İlahiye benzer tasavvuf şiiridir. Bu şiirler ezelden beri var olan insan ruhunun Allah’tan gelip tekrar Allah’a dönmesi düşüncesini ele alır.

Cihan var olmadan ketm-i ademde

Hakk ile birlikte yekdaş idim ben

Yarattı bu mülkü çünkü o demde

Yaptım tasvirini nakkaş idim ben

Anasırdan bir libasa büründüm

Nar-ı bad-ı âb- hâkten göründüm

Hayrülbeşer ile dünyaya geldim

Âdem ile bile bir yaş idim ben

Bektaşi Çelebi

Bu şiir devriyenin özelliklerini yansıtmaktadır. Şiirde insanın yaradılışından söz edilmektedir.

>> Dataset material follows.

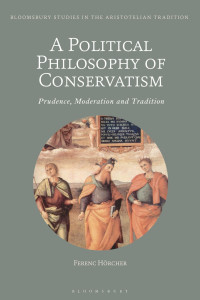 Ferenc Hrcher; — A Political Philosophy of Conservatism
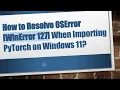 How to Resolve OSError WinError 127 When Importing PyTorch on Windows 11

Dörtlük nazım birimi kullanılmıştır. Uyak düzeni “abab, cccb…” biçimindedir. Ahengi sağlamak için redif ve tam uyaktan yararlanıldığını görmekteyiz. Bu şiirde halk şiirine özgü nitelikler ağır basmaktadır. Yer yer Arapça ve Farsça sözcüklerin kullanılması İslam etkisini göstermektedir.

  1. Nutuk:

Tekke önderlerinin, pirlerin ve mürşitlerin, tarikate yeni girenlere tarikatın adabını, derecelerini öğretmek amacıyla yazdıkları öğretici şiirlere nutuk adı verilir. 11 ‘li hece ölçüsüyle söylenir.

 

Eliftir doksan bin kelamın başı

Var Hakk’a şükreyle beni n’eylersin

Vücudun şehrini arıtmayınca

Yüzünü yumaya suyu n’eylersin

Vücudun şehrini verme gayrıya

Hatır yıkıp güç eyleme gayrıya

Var bir amel kazan Hakk’a yaraya

Hakk’a yaramayan huyu n’eylersin

 

Pir Sultan Abdal

Pir Sultan Abdal, bu şiirinde tarikatla, tasavvufla ilgili öğütler vermektedir. Dolayısıyla bu şiir, nutukun özelliklerini yansıtmaktadır.

 

Tasavvuf-Tekke Edebiyatı yazısı alıntıdır.